Low-level jets are important conduits of moisture transport in tropical regions and play central roles in modulating precipitation, especially in monsoon systems^1,2,3,4,5,6. In this study, we focus on northerly low-level jets on the eastern slopes of the Andes (hereafter, LLJ). The South America Low-Level Jet (SALLJ) on the eastern slopes of the central Andes near Bolivia is a key component of the South American Monsoon System (SAMS)^4,5,7,8,9. Large and intense mesoscale convective systems (MCS) are typically formed in the exit region of the SALLJ^10,11,12,13. Oftentimes, MCS are associated with extreme weather^10,14 causing significant socioeconomic impacts over the La Plata drainage basin and south-southeast Brazil.

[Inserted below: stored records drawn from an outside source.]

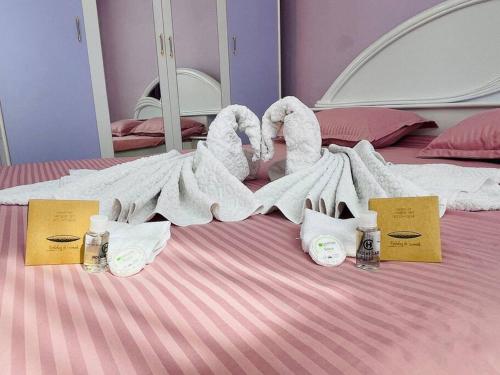 Postel nebo postele na pokoji v ubytování Lavender Luxury Apartment
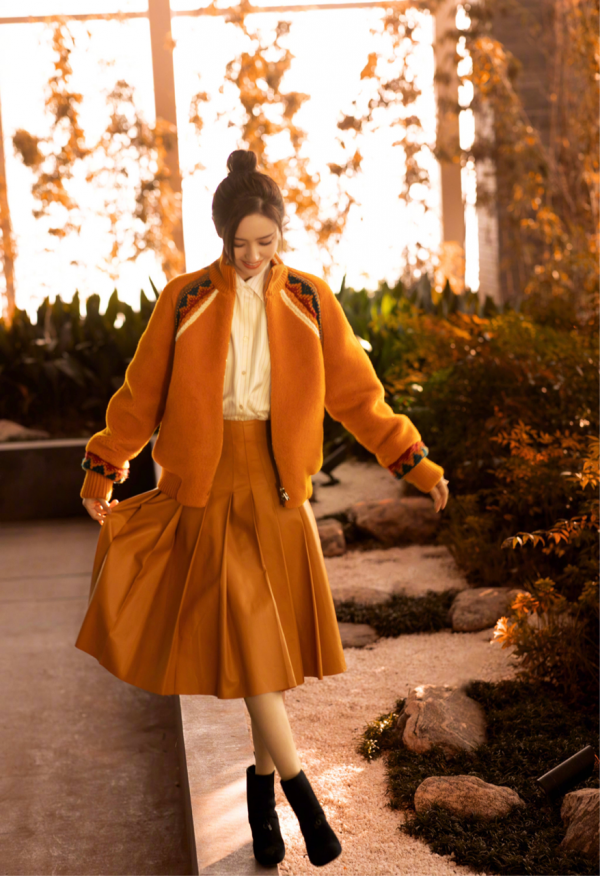 佟麗婭白色渲染毛衣簡約時尚，青春洋溢如鄰家女孩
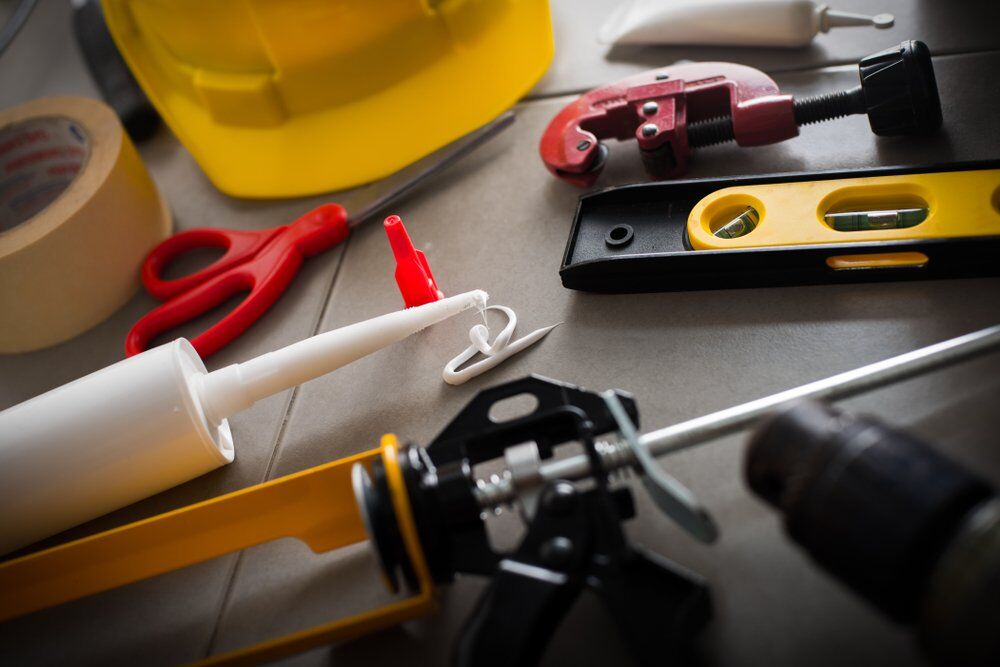 How to install a metal kitchen backsplash?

The term SALLJ usually refers to the year-round northerly LLJ occurring to the east of the central Andes in Bolivia, northern Argentina and Paraguay. Conversely, the northerly LLJ on the eastern slopes of the Andes in Colombia and Venezuela is known as Orinoco jet^{15,16,17,18,19}. The LLJ in the central and northern Andes (i.e., central and northern branches) have been traditionally investigated separately. However, Jones (2019) provided a new understanding of the northerly LLJ in the eastern Andes and showed that the seasonal frequency of the LLJ in both regions are equally high and occasionally physically connected. They may occur independently or simultaneously in both regions, playing various roles in the distribution of precipitation in the SAMS.This new view allows new scientific opportunities to improve our understanding of the variability of these jets and their importance for the South America hydroclimate. For simplicity, we refer to the Orinoco jet as the Northern jet, which occurs along the eastern Andes from Venezuela, Colombia and northeast Peru. Likewise, we refer to the SALLJ as the Central jet. Additionally, we call central and northern branches as the corresponding regions of the Andes.

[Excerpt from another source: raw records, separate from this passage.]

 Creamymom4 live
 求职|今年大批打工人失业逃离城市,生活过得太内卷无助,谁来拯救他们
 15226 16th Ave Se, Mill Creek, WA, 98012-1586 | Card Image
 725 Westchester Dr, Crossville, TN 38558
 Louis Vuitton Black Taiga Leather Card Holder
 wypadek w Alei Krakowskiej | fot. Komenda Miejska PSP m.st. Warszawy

In this study, we further investigate the variability of the LLJ during extended austral summers (November-March), since this integrated view may aid us better understand the forming mechanisms of the jet and complex connections between jets along the eastern slopes of the Andes. This overarching research goal is achieved by first employing a new method to characterize the spatial extent of LLJ and classify them into different types. Additionally, we show the existence of specific evolutions. In the Central-to-Northern evolution, the LLJ occurs initially only in the central region. A few days later, it may occur in the northern branch so that it is simultaneously present in both regions. Subsequently, it ends in the Central region and persists for a few more days in the northern branch, where it finally ends. Conversely, the Northern-to-Central evolution is similar but occurring in the reverse direction.

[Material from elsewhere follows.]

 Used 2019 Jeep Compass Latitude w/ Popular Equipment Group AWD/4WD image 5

Previous studies have shown that the Central LLJ exhibits large variability on intraseasonal, interannual and multidecadal time scales^{5,7,8,18,20,21,22,23}. Therefore, this study also investigates large-scale forcings of the LLJ associated with the Madden-Julian Oscillation (MJO)²⁴ and El Niño/Southern Oscillation (ENSO)²⁵. We show that extratropical Rossby wave trains propagating across South America strongly modulate the occurrence of the Northern and Central LLJ types. Lastly, we discuss that the different LLJ types have markedly distinct influences on precipitation patterns over South America. All these analyses collectively present a broader view of the northerly LLJ in the climatology of the SAMS and over a broad range of time scales, which will facilitate future endeavors in improving simulations and preditions of the phenomenon.

Results

Form and variability of northerly low-level jets

The climatology of nighttime winds (850-hPa) (Fig. 1) shows that easterly winds in the equatorial Atlantic veer to northerly directions as they reach South America, partially due to the blocking effect of the Andes Mountains. However, other physical processes and dynamical mechanisms may explain the jet’s variability on multiple scales, and those will depend on the jet’s strength and spatiotemporal characteristics^21,26. To identify and categorize nighttime occurrences of northerly LLJ, we developed an algorithm that incorporates the jet structure, magnitude and spatial extensions along the eastern Andes (Supplementary Fig. 1). The method considers contiguous regions of wind speeds (CRWS) at 850-hPa greater than 10 m s⁻¹, the magnitudes of wind speeds (850-hPa) and vertical wind shear (700–850 hPa). Using this algorithm, four main types of SALLJ are defined. In the Central type, the LLJ extends only over southeast Peru, Bolivia, northern Argentina and Paraguay (Fig. 1, regions 1,2,3). Note that in any given Central type day, the LLJ may not necessarily extend over all three regions simultaneously. Instead, the jet may extend over different combinations of regions; the algorithm identifies these situations (see Methods). The second type is defined as the Northern LLJ, which extends over northern Peru, Colombia and Venezuela (Fig.1, regions 3,4,5). The third type, denoted as Andes, is defined when low-level jets occur simultaneously in the northern and central branches. Note also that in the Andes type, the low-level jet may or may not extend along the entire eastern Andes. In the most frequent Andes type cases, the LLJ occurs simultaneously in the northern and central Andes but is absent over eastern Peru. In a subtype of the Andes type, denoted Andes-X, the LLJ is substantially intense and cover the entire extension of the eastern Andes. The fourth type, denoted as Peru, occurs much less frequently, is short-lived and covers only eastern Peru (Fig. 1, region 3). The Peru type is classified as a separate type to avoid the arbitrary decision of including it as a Central or Northern type, which would bias statistical analyses discussed next.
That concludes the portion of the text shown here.